What the response needs is every record, repeated verbatim, and no images.

>>>

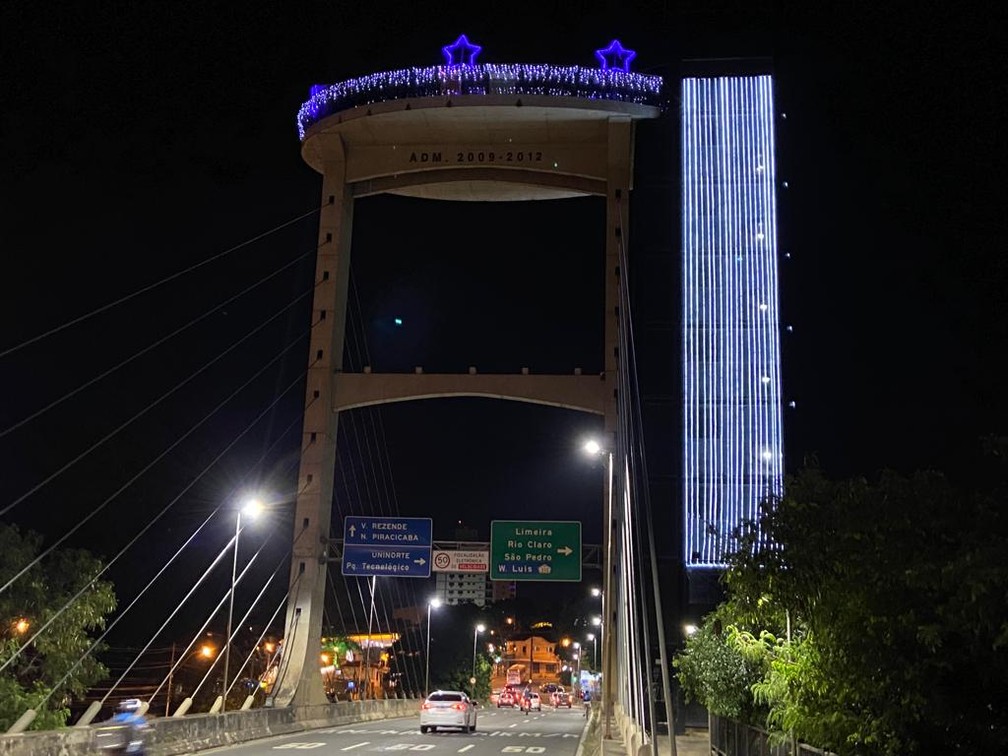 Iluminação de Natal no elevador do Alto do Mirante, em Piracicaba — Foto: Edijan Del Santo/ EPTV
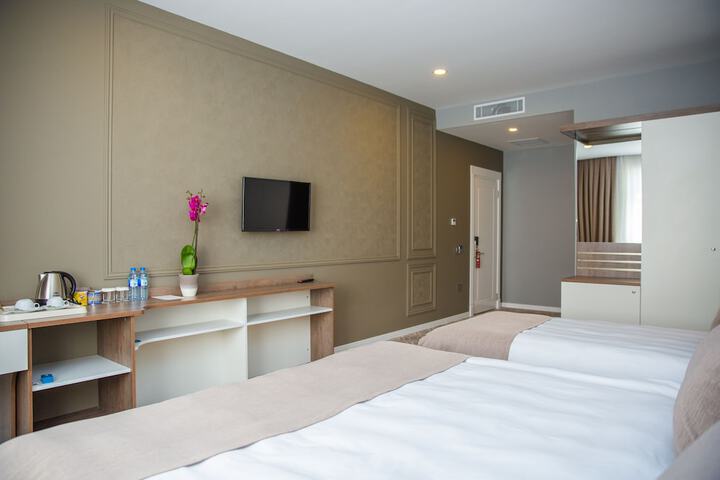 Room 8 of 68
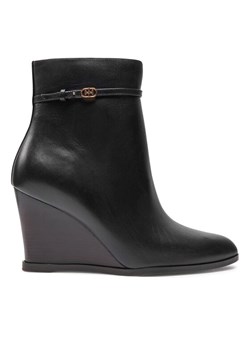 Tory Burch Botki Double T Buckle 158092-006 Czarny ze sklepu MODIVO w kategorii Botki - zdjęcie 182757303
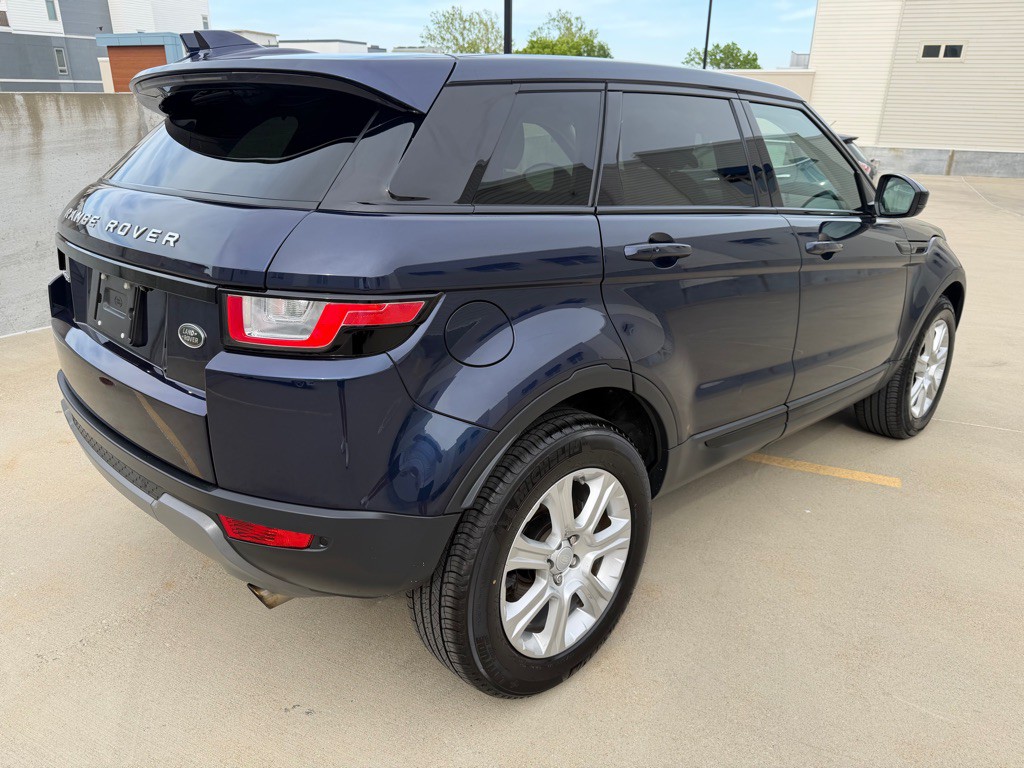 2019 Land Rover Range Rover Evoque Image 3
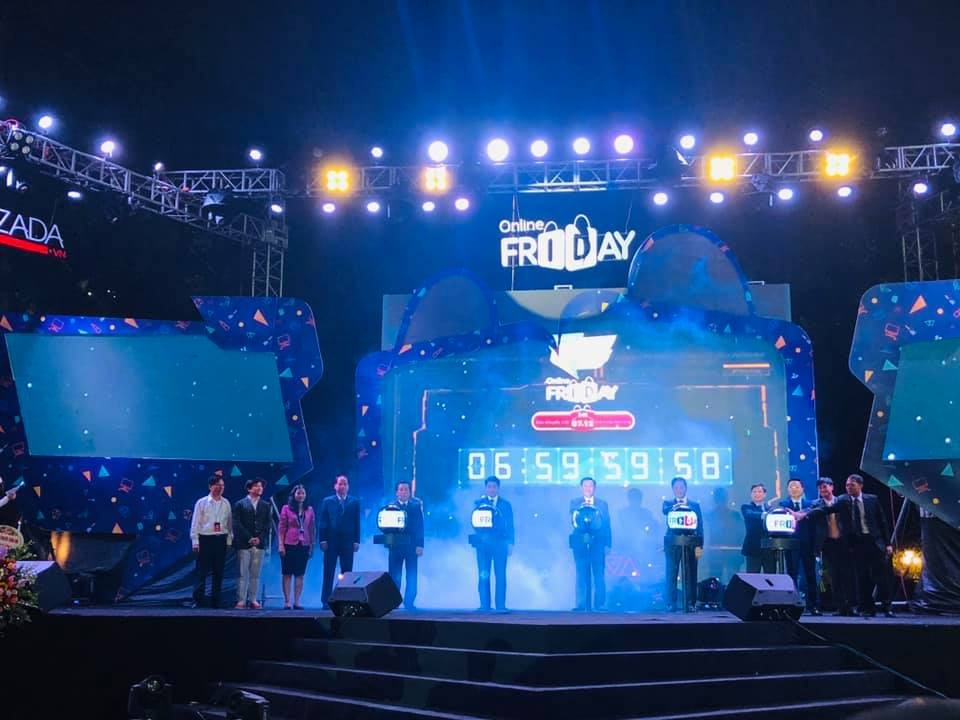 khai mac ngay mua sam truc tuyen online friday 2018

<<<

ANSWER SPACE
 Iluminação de Natal no elevador do Alto do Mirante, em Piracicaba — Foto: Edijan Del Santo/ EPTV
 Room 8 of 68
 Tory Burch Botki Double T Buckle 158092-006 Czarny ze sklepu MODIVO w kategorii Botki - zdjęcie 182757303
 2019 Land Rover Range Rover Evoque Image 3
 khai mac ngay mua sam truc tuyen online friday 2018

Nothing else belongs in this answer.